S'ensuit une cavalcade sans fin où les instants de répit ne sont que provisoires et de courte durée à l'instar de ce hameau où Rebecca et sa fille trouvent refuge ou de la Cecilia, cette communauté libertaire s'inspirant d'un concept développé au Brésil par des anarchistes italiens qui accueille Alice et sa fille Nour ou même de cette maison perdue, plantée au milieu d'une forêt morte, abritant Nour et ses compagnons d'infortune. Une succession d'espoirs menus, d'instants de clarté dans un monde obscur, bien vite balayés par la violence des pillages, des viols et des traques qui s'enchaînent en remettant en question l'existence de chacun.
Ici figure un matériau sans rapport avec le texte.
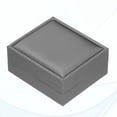thumbnail image 3 of Caja de exhibición de monedas, estuche de monedas con soporte cuadrado para coleccionistas de dólares de plata, gris, 3 of 6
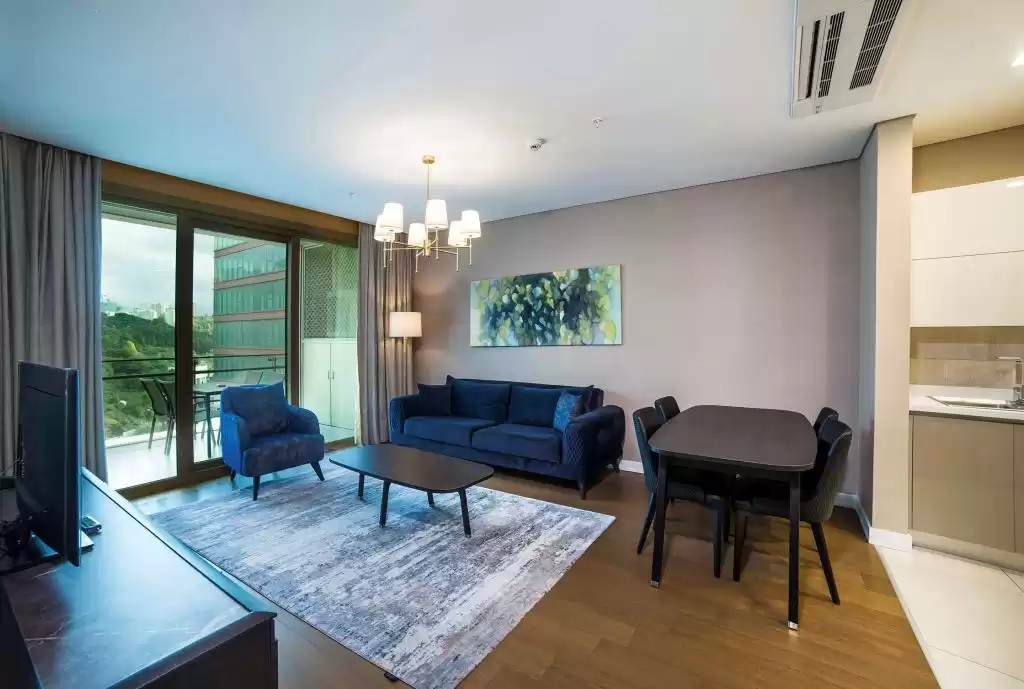 Résidentiel Propriété prête 2 chambres U / f Appartement  a louer au Al-Dafna , Doha #50971 - 1  image 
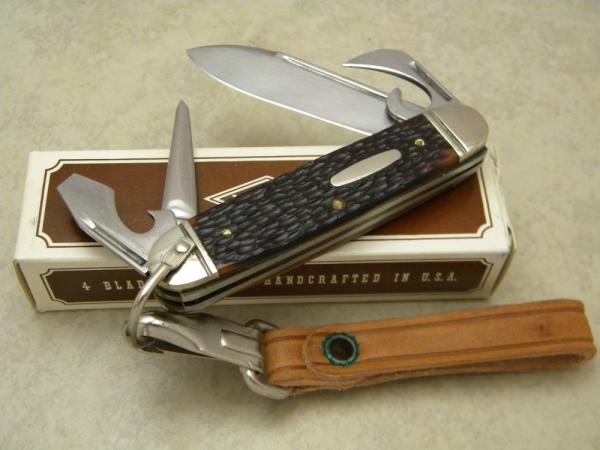 Western USA 901 Delrin Camp Scout Utility Knife & Leather Strap c.1978 - NIB Western USA 901 Delrin Camp Scout Utility Knife & Leather Strap c.1978 - NIB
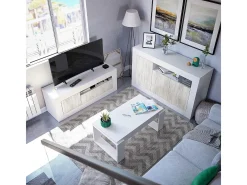 Mesa de centro de design com tampo elevatório L102 cm - Ciara, ideal para espaços pequenos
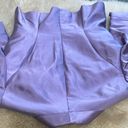 Adrianna Papell Lavender elegant blouse size 8 Photo 9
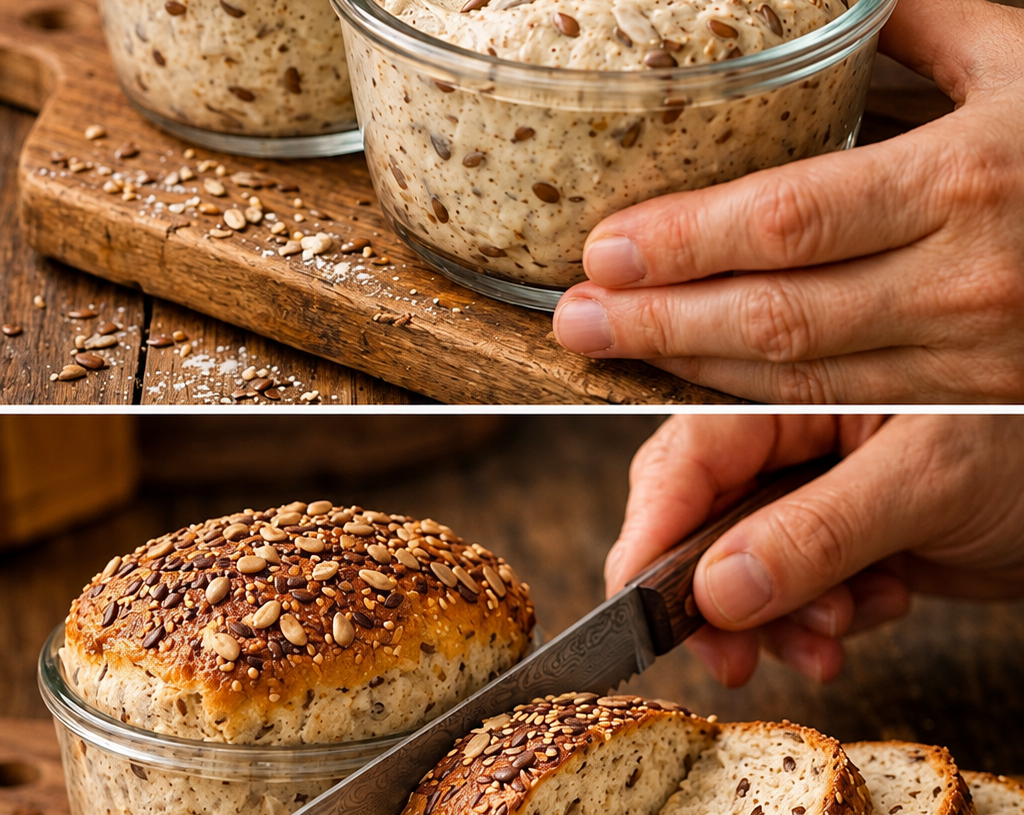 Multi-Seed Batter Bread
Mais la particularité de Qui Après Nous Vivrez réside dans l'attachement que l'auteur porte aux personnages qui traversent le récit et plus particulièrement dans ces portraits intergénérationnels de Rebecca, d'Alice et de Nour dont les traits de caractères évoluent en fonction des événements auxquels elles font face tout en révélant leurs failles, leurs craintes et même certains aspects de leurs parts d'ombre en s'éloignant ainsi radicalement de l'archétype de l'héroïne infaillible que l'on serait tenté de dépeindre au gré de ce contexte apocalyptique. Et puis de manière sous-jacente, au rythme de l'errance de ces trois femmes accompagnées de leurs filles respectives, on devine ce questionnement lancinant quant à la transmission de valeurs dans un univers dévasté où il faut survivre tandis que l'avenir se conjugue au lendemain. Ainsi Qui Après Nous Vivrez s'inscrit dans la lignée de ces romans exceptionnels tels que Station Eleven d'Emily St. John Mandell ou que La Route de Cormac Mc Carthy, dont Hervé le Corre glisse l'un de ses ouvrages dans les mains de Rebecca en rendant hommage à l'un des maîtres de la littérature dont il devient l'égal, ceci de manière indiscutable.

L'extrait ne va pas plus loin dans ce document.